Repeat the data verbatim, images excluded.

Start of COLLECTED DATA

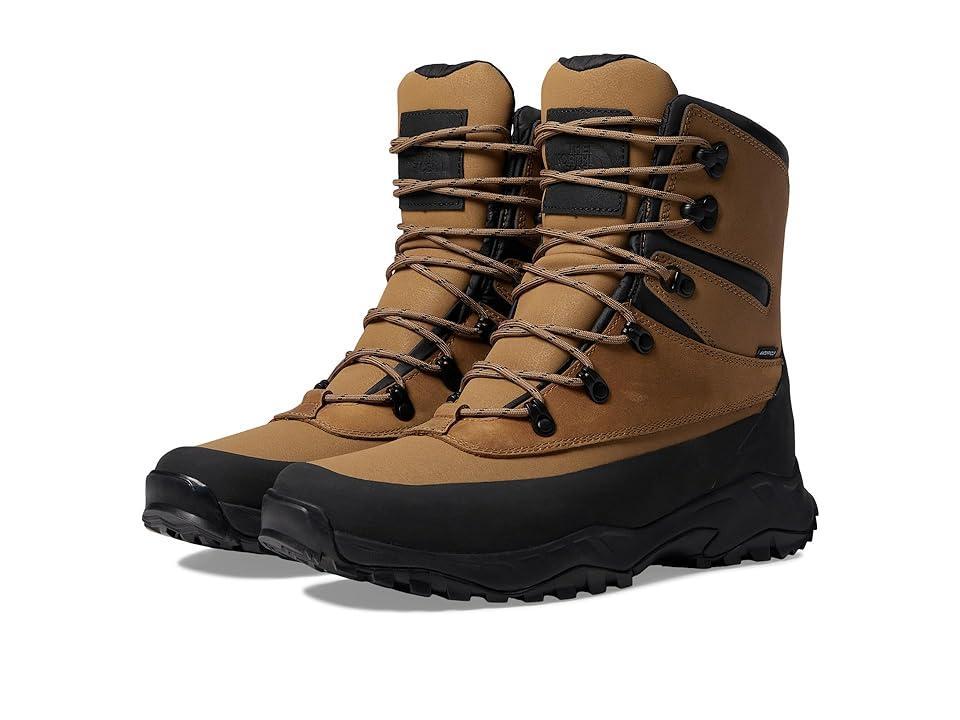 The North Face Thermoball Lifty II (Utility Brown/TNF ) Men's Shoes Product Image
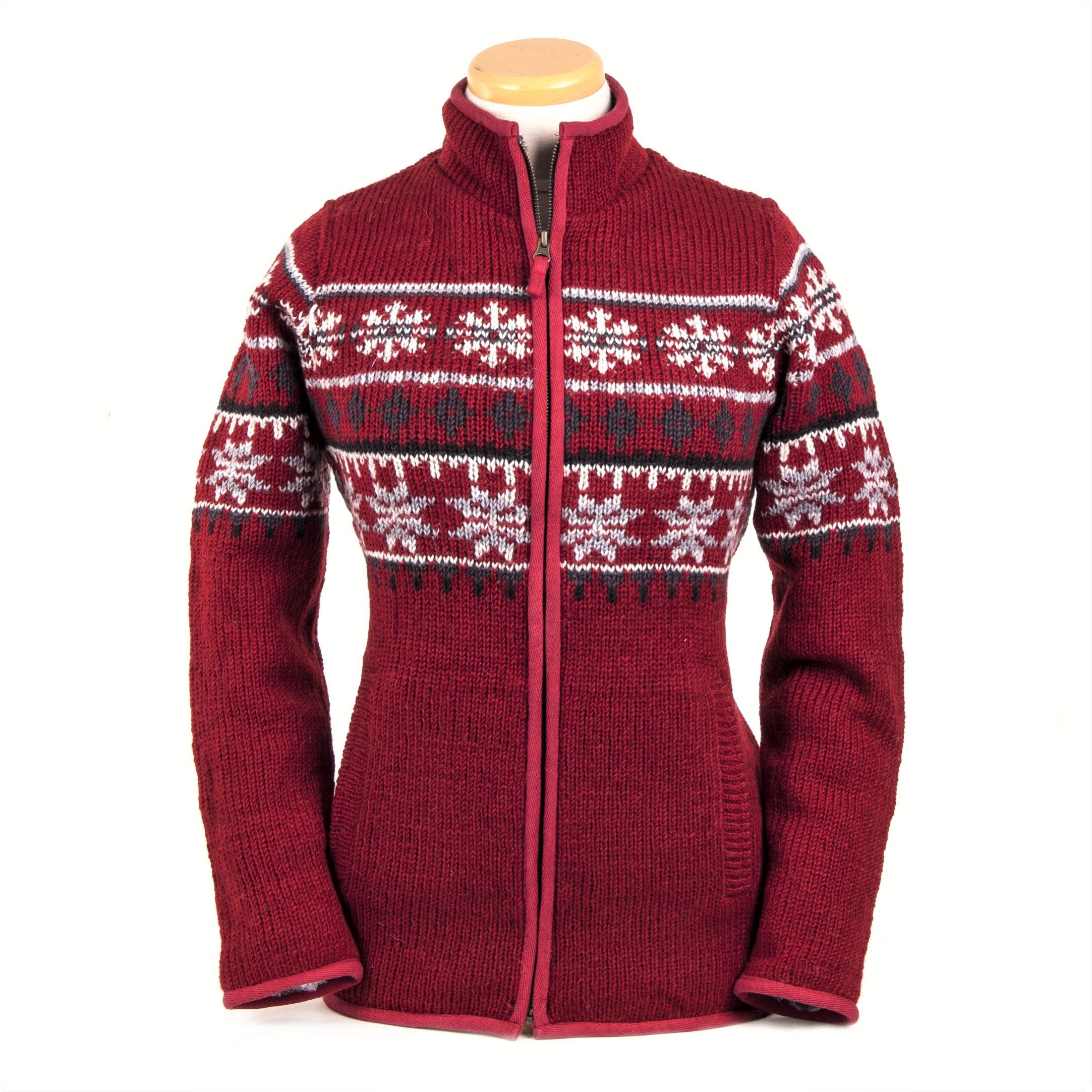 Trista Sweater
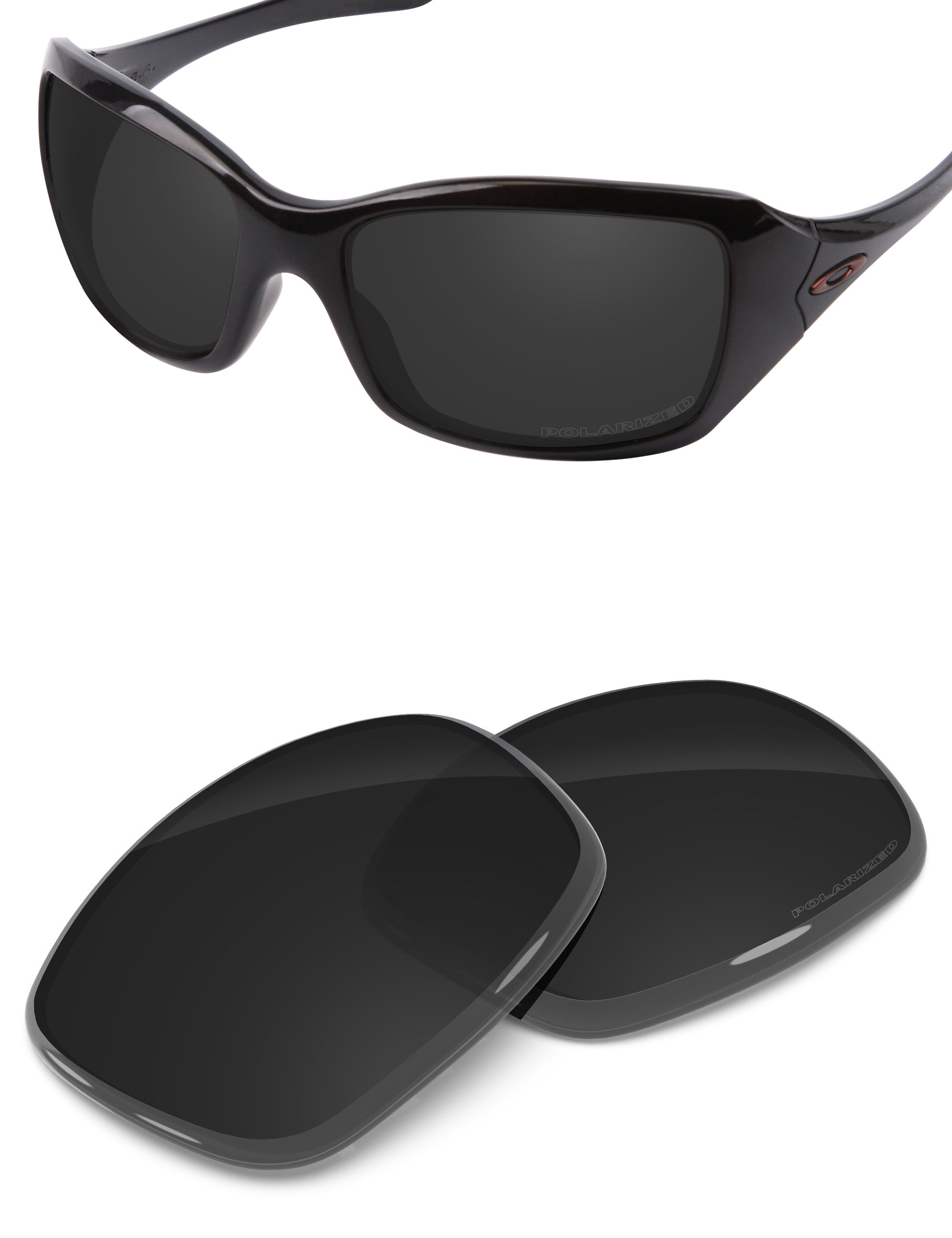 Carbon Black-Polarized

End of COLLECTED DATA

YOUR RESPONSE:
 The North Face Thermoball Lifty II (Utility Brown/TNF ) Men's Shoes Product Image
 Trista Sweater
 Carbon Black-Polarized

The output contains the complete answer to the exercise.